Kamila Shamsie. Kartography. London: Bloomsbury, 2002. 343 pp. No price listed (paper), ISBN 978-0-7475-5730-2.
Reviewed by Bridget Byrne (Department of Sociology, University of Manchester)
Published on H-Gender-MidEast (September, 2004)
A Mental Map of Place
The making of maps is about more than objective representation of different places and their distances from one another. It also involves tracing how different spaces have very different meanings and associations to different people. A city, and the conflict which might seem to engulf it, is lived in many different ways by the people who inhabit it.
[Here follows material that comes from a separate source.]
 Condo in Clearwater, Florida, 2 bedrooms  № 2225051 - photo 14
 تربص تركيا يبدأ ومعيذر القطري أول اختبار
This novel sets a love story in the context of the conflict-riven Karachi of the 1980s with a back story of flash-backs to the war of 1971 which led to the independence of Pakistan?s Eastern Wing as Bangladesh.
The characters in the novel are members of a party-throwing elite who are united by their privilege, their closed social circles, and their in-group language and geographies. The main protagonists are Raheen and her childhood friends, especially Karim with whom she has a will-they-won?t-they romance which forms the central narrative of the novel. The story begins with the friendship of 13 year-olds who have grown up together and traces the growing attraction between the two. This relationship is disturbed by hidden family histories and different approaches to the city they live in and the political turmoil which is engulfing it. The novel examines how the different conflicts--between Bengalis and the rest of Pakistan in 1971 and between "native" Karachites and "mohajirs" or immigrants in the 1980s--can produce fissures in families and in the tight-knit social group.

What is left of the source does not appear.